Lors de son examen, le 3 juin dernier, la commission a rejeté cette proposition de loi, pour des motifs que je vais brièvement vous exposer.
Avant de détailler les mesures concrètes prévues dans la proposition de loi, je souhaite vous présenter en quelques mots la logique d’ensemble de ce texte et les raisons pour lesquelles nous n’adhérons pas à la réforme fiscale proposée, qui risquerait d’affaiblir nos entreprises, dans un contexte déjà marqué par le ralentissement de la croissance.
Premièrement, du point de vue du principe, nous estimons qu’un alourdissement de la fiscalité des entreprises en France serait contre-productif, dès lors qu’il nuirait à la compétitivité des entreprises, donc à leur capacité d’investissement dans la transition.
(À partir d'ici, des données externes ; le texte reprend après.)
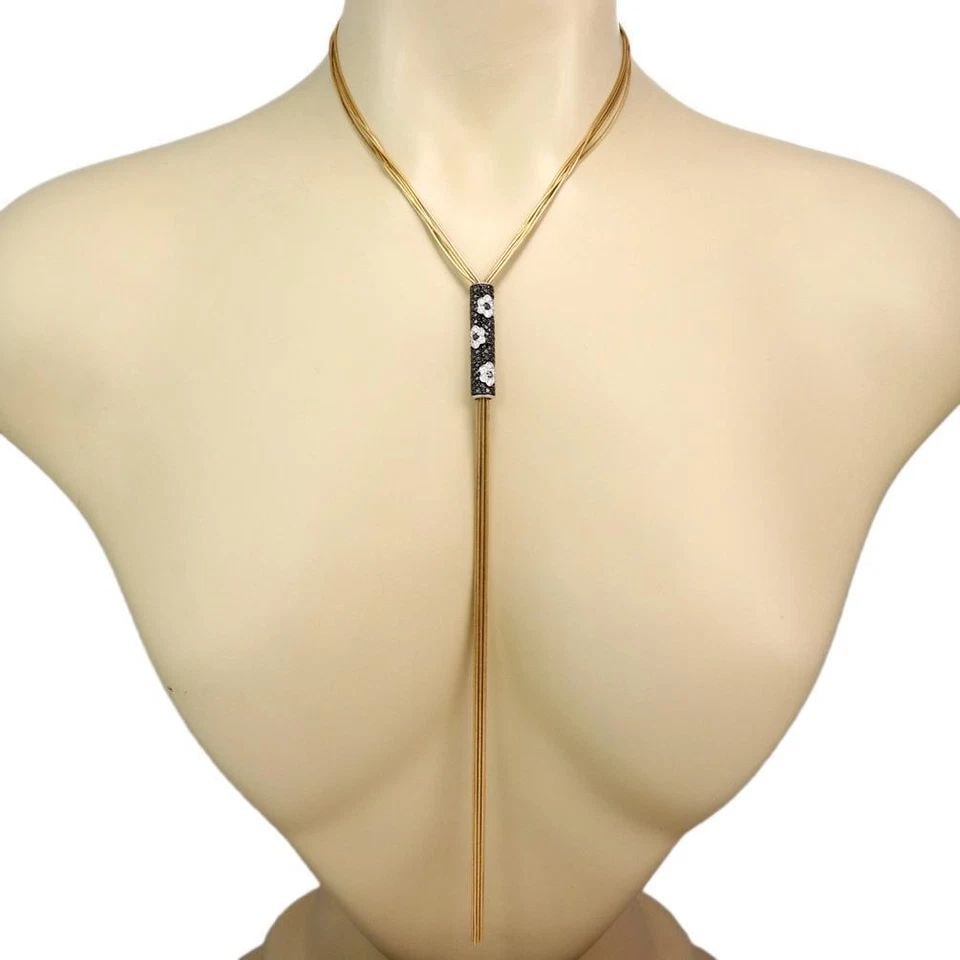 ESTRO DIAMOND 18K GOLD FLORAL LONG TASSEL PENDANT 5 CHAIN NECKLACE (1 of 2)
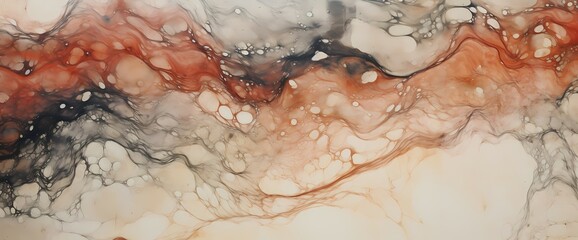 Close-up reveals the intricate details of marble ink, crafting a captivating abstract backdrop.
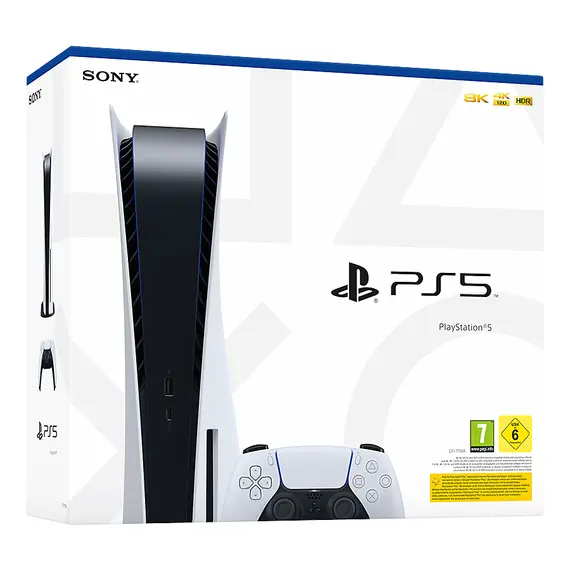 Sony PlayStation 5 - Gaming Console, 825GB, Wi-Fi, Black, White
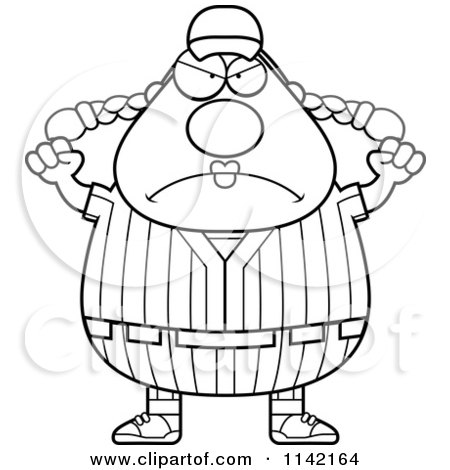 Cartoon Clipart Of A Black And White Angry Female Baseball Player - Vector Outlined Coloring Page by Cory Thoman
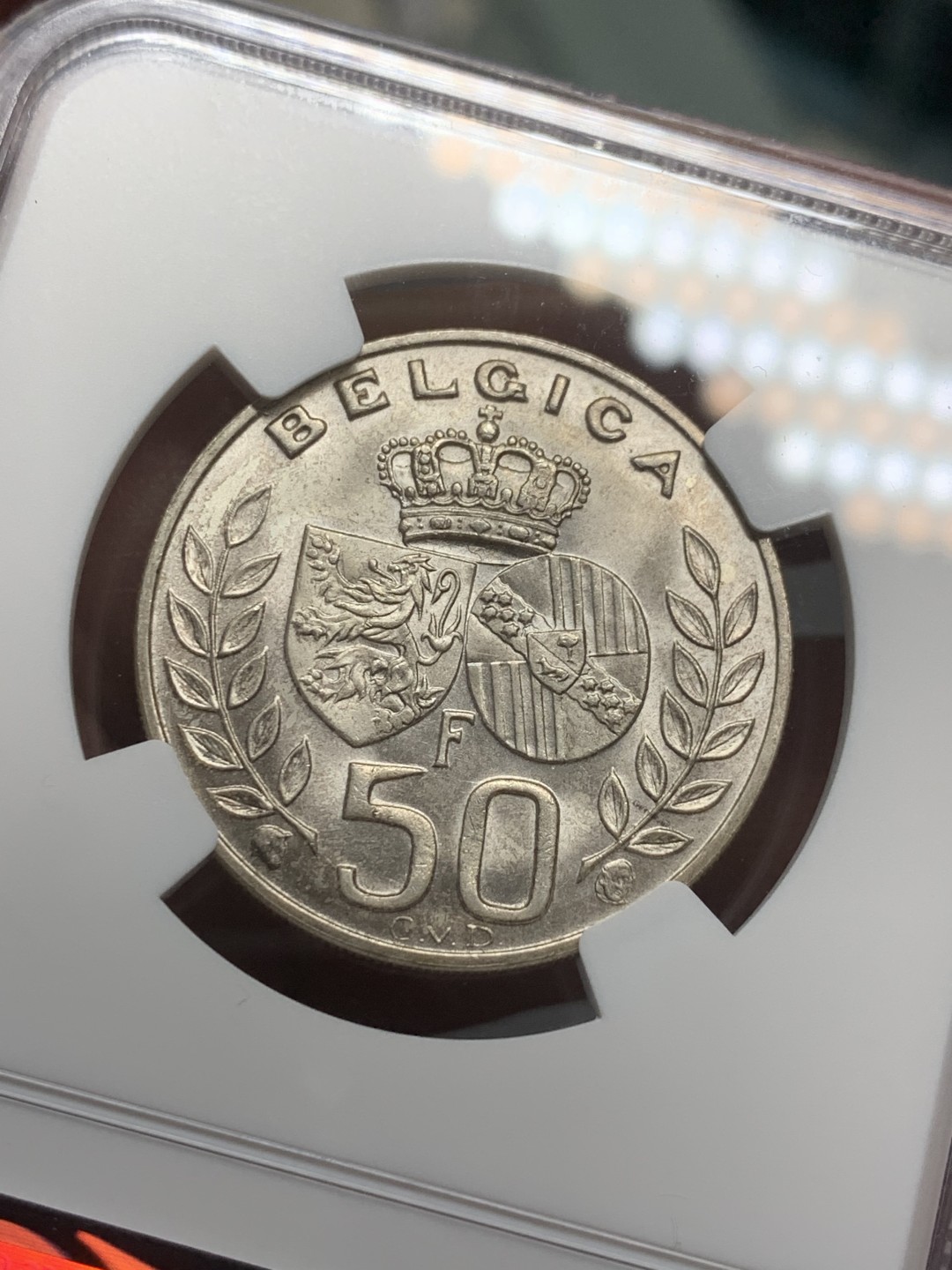 《竞宝斋》第121场-周日，周一 ，2场连拍（全场包邮） NGC-MS64 比利时1960年 金婚纪念 50法郎银币 顶级好品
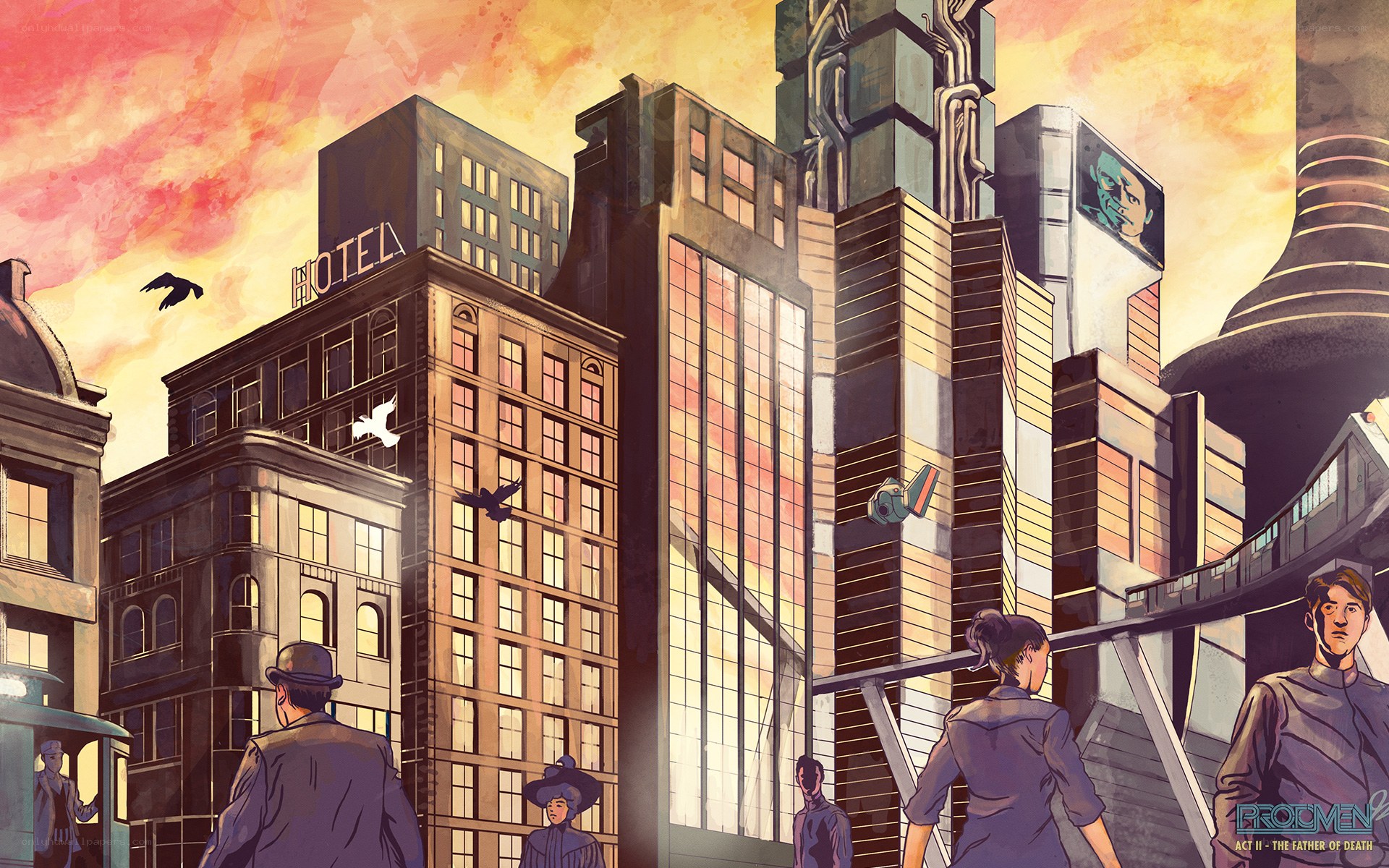 futuristic cityscape at sunset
Je souligne à cet égard que le texte qui nous est proposé a pour caractéristique d’avoir un périmètre d’application extensif, qui conduirait à taxer la quasi-totalité des entreprises, sans tenir compte de leurs capacités à contribuer à l’effort national de redressement des comptes publics.
Je précise à cet égard que nous comprenons naturellement l’objectif des auteurs de cette proposition de loi, à savoir l’accélération de l’engagement des acteurs privés en faveur de la transition écologique.
Toutefois, dans un contexte international dans lequel la France se démarque par le poids de ses prélèvements obligatoires, qui représentent 46 % du PIB, je le rappelle, des hausses générales de fiscalité ne sauraient constituer une réponse satisfaisante : elles risquent d’affaiblir notre économie et de restreindre l’adhésion des entreprises à nos objectifs climatiques.
Deuxièmement, du point de vue de la méthode, nous estimons que, malgré la volonté de l’auteur de la proposition de loi, la hausse de la fiscalité concernerait un très grand nombre d’acteurs économiques.
Par conséquent, sans rejeter le principe d’une adaptation de la fiscalité à nos objectifs fiscaux et sociaux, je relève que l’adoption de ce texte aboutirait à une complexification de notre droit fiscal, à rebours de la volonté de simplification partagée par tous les groupes du Sénat, et à un alourdissement de la fiscalité qui serait préjudiciable aux acteurs économiques de nos territoires.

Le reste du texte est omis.